YOUR INSTRUCTIONS
The answer is to be an exact copy of the lines below running from the line with "Trois nus - August Macke" down to the line with "Recette des ballotines", both ends included, and nothing more.
--- GIVEN ENTRIES ---
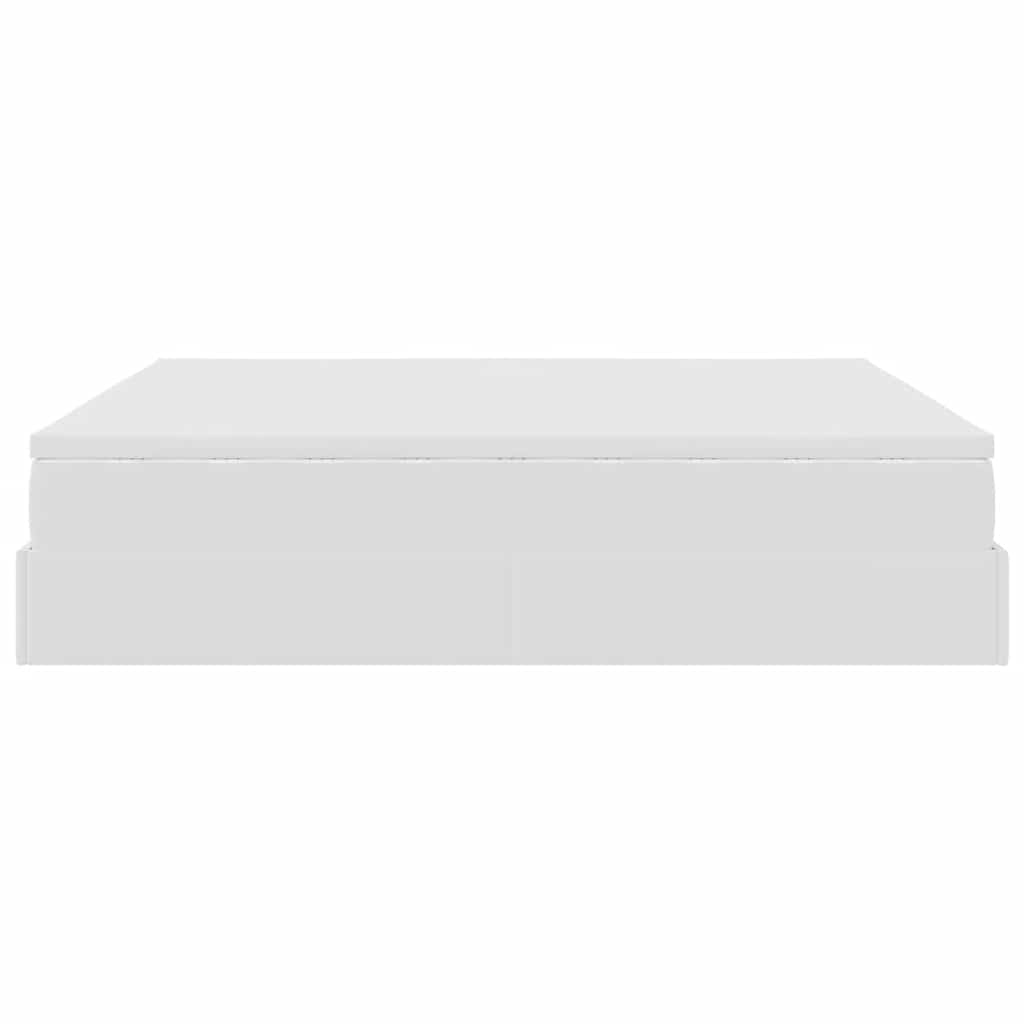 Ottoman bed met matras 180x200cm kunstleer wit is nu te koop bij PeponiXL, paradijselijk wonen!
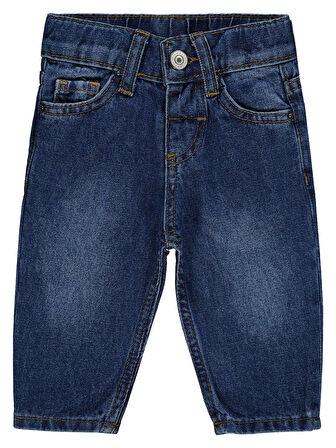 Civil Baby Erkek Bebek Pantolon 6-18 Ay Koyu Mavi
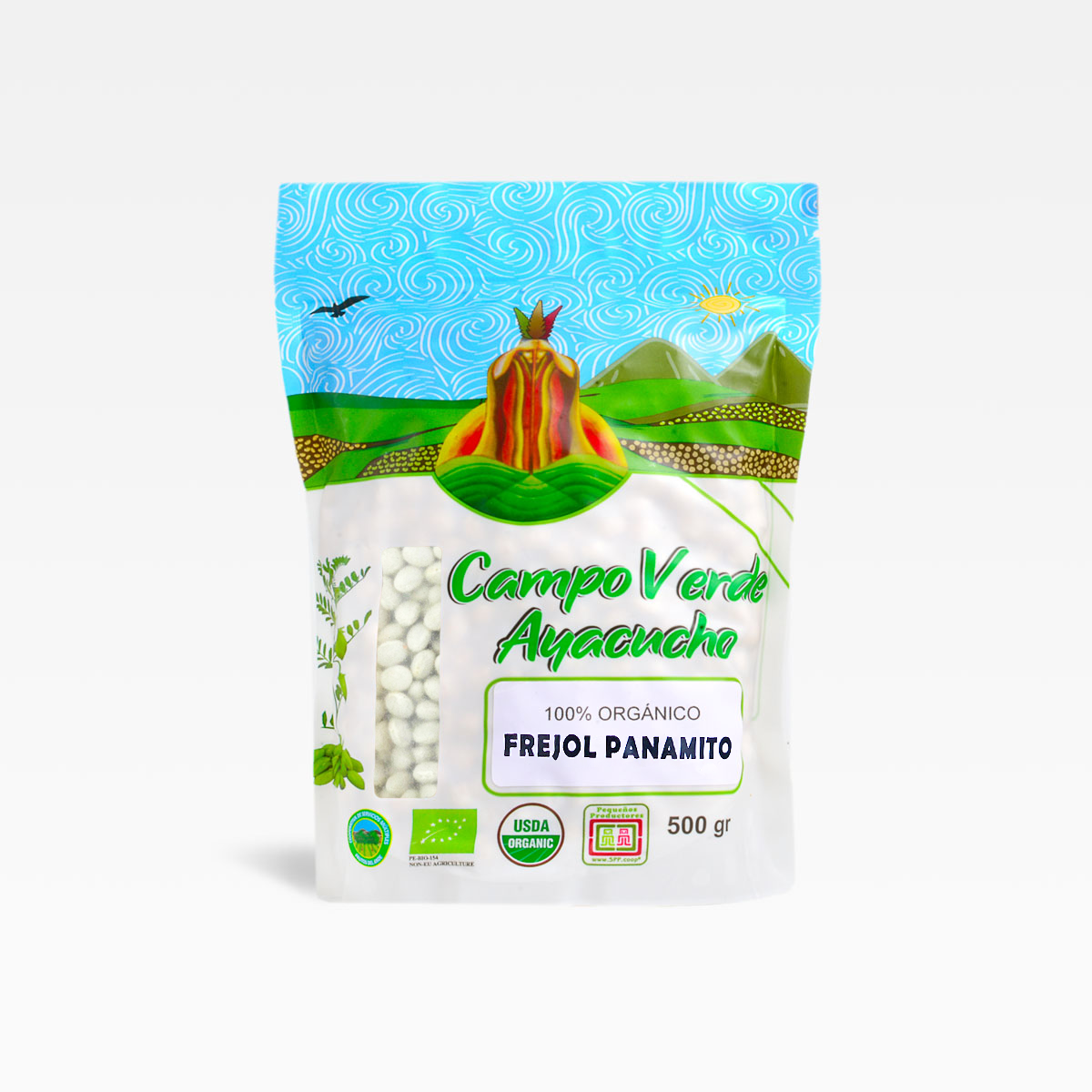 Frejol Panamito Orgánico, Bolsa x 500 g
---
--- GIVEN ENTRIES ---
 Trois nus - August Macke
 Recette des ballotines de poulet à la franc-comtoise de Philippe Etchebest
---
EXERCISE OUTPUT
 Trois nus - August Macke
 Recette des ballotines de poulet à la franc-comtoise de Philippe Etchebest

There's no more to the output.